Scraped caption text data:

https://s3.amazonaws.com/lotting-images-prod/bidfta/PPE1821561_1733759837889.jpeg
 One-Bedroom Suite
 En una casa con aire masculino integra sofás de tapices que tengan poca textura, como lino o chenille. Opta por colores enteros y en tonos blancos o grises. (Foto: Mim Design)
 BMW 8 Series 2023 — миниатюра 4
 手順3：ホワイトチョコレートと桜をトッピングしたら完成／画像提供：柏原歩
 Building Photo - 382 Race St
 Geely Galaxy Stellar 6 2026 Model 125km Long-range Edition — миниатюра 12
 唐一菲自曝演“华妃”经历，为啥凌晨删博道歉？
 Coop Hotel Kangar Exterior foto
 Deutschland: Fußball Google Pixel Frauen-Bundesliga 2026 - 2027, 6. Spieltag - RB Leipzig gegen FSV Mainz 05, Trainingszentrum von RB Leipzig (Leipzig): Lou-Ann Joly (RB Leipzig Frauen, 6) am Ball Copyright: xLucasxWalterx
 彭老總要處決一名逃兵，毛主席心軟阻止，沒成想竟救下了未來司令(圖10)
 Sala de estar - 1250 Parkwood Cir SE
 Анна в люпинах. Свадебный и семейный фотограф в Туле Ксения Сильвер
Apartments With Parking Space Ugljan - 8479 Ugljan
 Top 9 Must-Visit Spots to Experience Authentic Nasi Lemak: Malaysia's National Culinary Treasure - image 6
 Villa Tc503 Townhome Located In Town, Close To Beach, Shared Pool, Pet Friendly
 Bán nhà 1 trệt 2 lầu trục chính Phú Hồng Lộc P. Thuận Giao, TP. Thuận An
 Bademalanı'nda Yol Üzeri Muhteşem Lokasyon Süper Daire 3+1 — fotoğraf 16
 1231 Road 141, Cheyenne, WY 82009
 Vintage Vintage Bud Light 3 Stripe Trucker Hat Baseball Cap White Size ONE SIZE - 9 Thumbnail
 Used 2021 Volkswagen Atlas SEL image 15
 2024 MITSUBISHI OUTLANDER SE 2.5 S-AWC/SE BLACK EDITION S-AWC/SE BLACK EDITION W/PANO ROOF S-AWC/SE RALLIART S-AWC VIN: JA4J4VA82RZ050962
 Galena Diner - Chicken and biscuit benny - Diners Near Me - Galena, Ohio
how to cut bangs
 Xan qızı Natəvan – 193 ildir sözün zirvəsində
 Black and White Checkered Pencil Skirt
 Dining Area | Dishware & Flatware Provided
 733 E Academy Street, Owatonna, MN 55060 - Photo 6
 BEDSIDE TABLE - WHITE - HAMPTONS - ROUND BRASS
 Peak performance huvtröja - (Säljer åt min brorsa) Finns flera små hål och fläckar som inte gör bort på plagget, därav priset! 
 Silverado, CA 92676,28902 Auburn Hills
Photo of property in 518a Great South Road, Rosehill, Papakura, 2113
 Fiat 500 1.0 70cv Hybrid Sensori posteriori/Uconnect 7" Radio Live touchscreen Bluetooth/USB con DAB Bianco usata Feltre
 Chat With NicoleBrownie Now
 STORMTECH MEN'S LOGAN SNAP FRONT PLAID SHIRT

* **ACTIVITY**
Give every entry back unchanged. Leave none out.

* **RESPONSE FOR THIS EXERCISE**
https://s3.amazonaws.com/lotting-images-prod/bidfta/PPE1821561_1733759837889.jpeg
 One-Bedroom Suite
 En una casa con aire masculino integra sofás de tapices que tengan poca textura, como lino o chenille. Opta por colores enteros y en tonos blancos o grises. (Foto: Mim Design)
 BMW 8 Series 2023 — миниатюра 4
 手順3：ホワイトチョコレートと桜をトッピングしたら完成／画像提供：柏原歩
 Building Photo - 382 Race St
 Geely Galaxy Stellar 6 2026 Model 125km Long-range Edition — миниатюра 12
 唐一菲自曝演“华妃”经历，为啥凌晨删博道歉？
 Coop Hotel Kangar Exterior foto
 Deutschland: Fußball Google Pixel Frauen-Bundesliga 2026 - 2027, 6. Spieltag - RB Leipzig gegen FSV Mainz 05, Trainingszentrum von RB Leipzig (Leipzig): Lou-Ann Joly (RB Leipzig Frauen, 6) am Ball Copyright: xLucasxWalterx
 彭老總要處決一名逃兵，毛主席心軟阻止，沒成想竟救下了未來司令(圖10)
 Sala de estar - 1250 Parkwood Cir SE
 Анна в люпинах. Свадебный и семейный фотограф в Туле Ксения Сильвер
Apartments With Parking Space Ugljan - 8479 Ugljan
 Top 9 Must-Visit Spots to Experience Authentic Nasi Lemak: Malaysia's National Culinary Treasure - image 6
 Villa Tc503 Townhome Located In Town, Close To Beach, Shared Pool, Pet Friendly
 Bán nhà 1 trệt 2 lầu trục chính Phú Hồng Lộc P. Thuận Giao, TP. Thuận An
 Bademalanı'nda Yol Üzeri Muhteşem Lokasyon Süper Daire 3+1 — fotoğraf 16
 1231 Road 141, Cheyenne, WY 82009
 Vintage Vintage Bud Light 3 Stripe Trucker Hat Baseball Cap White Size ONE SIZE - 9 Thumbnail
 Used 2021 Volkswagen Atlas SEL image 15
 2024 MITSUBISHI OUTLANDER SE 2.5 S-AWC/SE BLACK EDITION S-AWC/SE BLACK EDITION W/PANO ROOF S-AWC/SE RALLIART S-AWC VIN: JA4J4VA82RZ050962
 Galena Diner - Chicken and biscuit benny - Diners Near Me - Galena, Ohio
how to cut bangs
 Xan qızı Natəvan – 193 ildir sözün zirvəsində
 Black and White Checkered Pencil Skirt
 Dining Area | Dishware & Flatware Provided
 733 E Academy Street, Owatonna, MN 55060 - Photo 6
 BEDSIDE TABLE - WHITE - HAMPTONS - ROUND BRASS
 Peak performance huvtröja - (Säljer åt min brorsa) Finns flera små hål och fläckar som inte gör bort på plagget, därav priset! 
 Silverado, CA 92676,28902 Auburn Hills
Photo of property in 518a Great South Road, Rosehill, Papakura, 2113
 Fiat 500 1.0 70cv Hybrid Sensori posteriori/Uconnect 7" Radio Live touchscreen Bluetooth/USB con DAB Bianco usata Feltre
 Chat With NicoleBrownie Now
 STORMTECH MEN'S LOGAN SNAP FRONT PLAID SHIRT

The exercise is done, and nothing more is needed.